In Long Beach, a move like that, rushing an armed man, would have been called reckless, poor officer safety, and she’d have been sent to remedial training.
But she’d so wanted to prove, especially to Gabriel Bender, that she was up for this job, that she could be a solid, fearless chief of police who could solve problems without shooting. After two months she still didn’t feel connected to anyone who worked for her. True, they weren’t all like Bender. Her one sergeant, Curtis Pounder, was always the consummate professional; likewise Del Jeffers, the oldest cop on the payroll, was respectful. Martin Getz, one of the younger guys, even seemed to think she had a lot to teach him. The only woman on the force, Becky Jonkey, worked swing shift and Tess had had little contact with her. Tess lamented that the camaraderie, the inclusion she’d always felt in Long Beach, was not here.
She was more hands-on here than any chief in Long Beach would be. In Long Beach the chief of police didn’t even answer his own e-mail. It was all screened by a secretary first. He had a lieutenant and two sergeants working in his office to delegate to. But Tess learned right away there’d be no one screening her e-mail, and sitting behind a desk all day wasn’t going to happen. It was important, given the light staffing, that she have a public presence. She’d taken to wearing the full uniform—ballistic vest, Sam Browne, the whole nine yards—while in the office, and she paid close a
ttention to the radio.
When she wasn’t hating her life, she could admit that she’d actually stepped into a well-run department. Seven patrol officers and one sergeant was tight for a population of just over five thousand, but things ran smoothly. She’d left the staffing alone. Some of it was unconventional, but it seemed to work. Officers worked three twelve-hour shifts with an eight-hour shift every other week. Sergeant Pounder worked a flexible five eight-hour-day workweek. He’d flex his hours if he thought more coverage was needed or if for some reason he was called out on overtime when he was off. The only bumps were the shortages that occurred with normal absences: vacations, training, sick days.

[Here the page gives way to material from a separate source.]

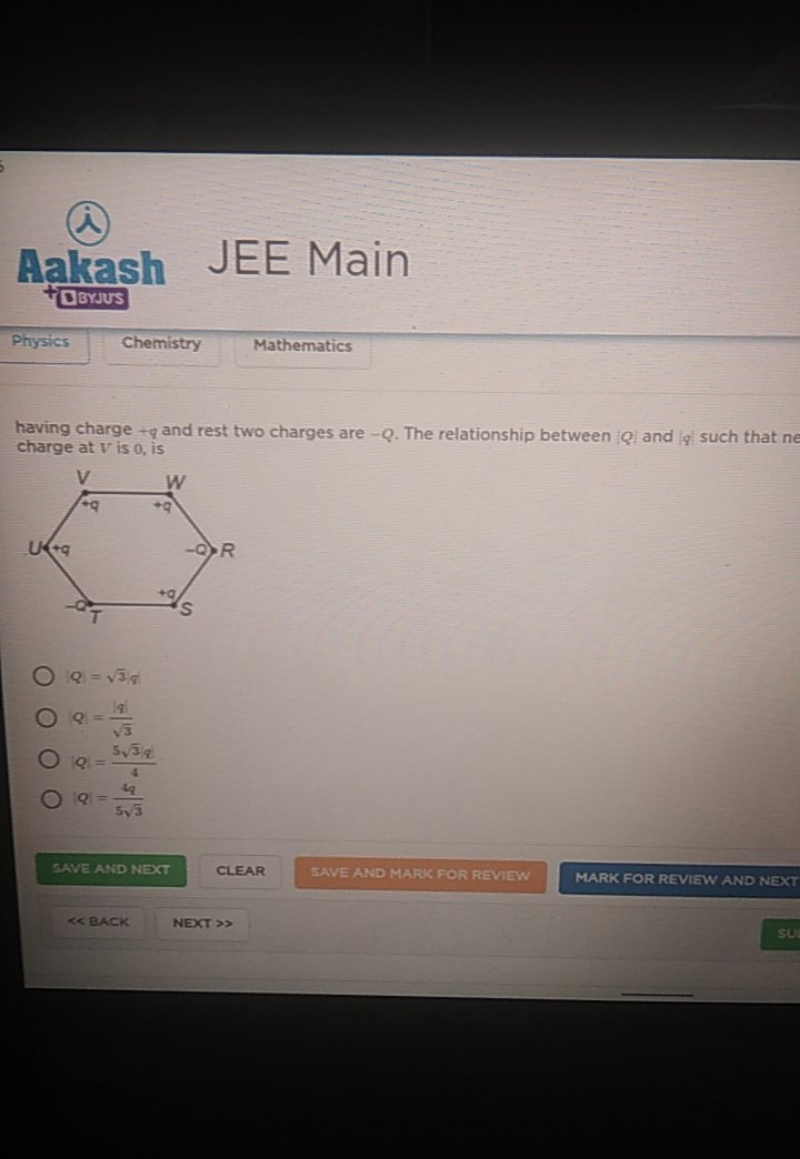 having charge +q and rest two charges are −Q. The relationship between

All the officers lived within the city limits and took their patrol cars home with them just in case they were needed and called in on their off hours. Tess had found that something similar to her sergeant’s unconventional flexible schedule worked for her. Except since she’d started here, she’d logged well over forty hours every week. She would always check in before she left town and return if or when the radio indicated things were busy.
Though these two months had been filled with minor stuff, she’d stepped up wherever she could to help and support her people. Was she doing too much or not enough? It didn’t seem to make a dent in attitudes. A still small voice in her head kept telling her she didn’t need to take risks; all she had to do was relax and be herself and it would all work out.
But why don’t I see any improvement with the confidence of my people? Why won’t they let me into their inner circle?
Since Logan had offered to book Bubba, leaving Bender free to stay in town and help catalog the guns and file the report, Tess wondered if she’d be able to make any headway with the man.
As she made the turn to the station lot, Tess remembered the encounter with Duncan earlier, a little miffed that she hadn’t been able to address his troublemaking sooner. If she’d been able to, she would have given his parents an earful.